**Exercise description:** Starting at the line that contains "Slinback In Misto Cotone Marrone", write out each line through the end of the data below, exactly as it stands. Skip any pictures.

**Given information:**
= = = = =
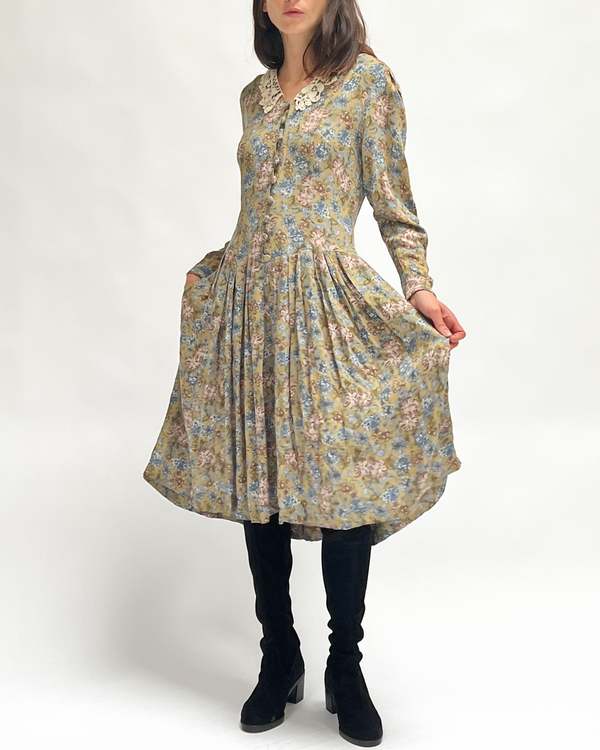 Laura Ashley Flannel Dress - Floral | Garmentory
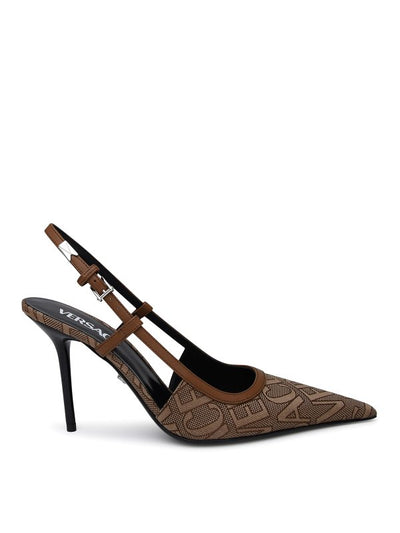 Slinback In Misto Cotone Marrone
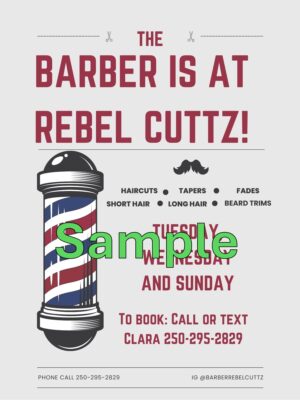 The Barber is at Rebel Cutz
= = = = =
**Solution:**
 Slinback In Misto Cotone Marrone
 The Barber is at Rebel Cutz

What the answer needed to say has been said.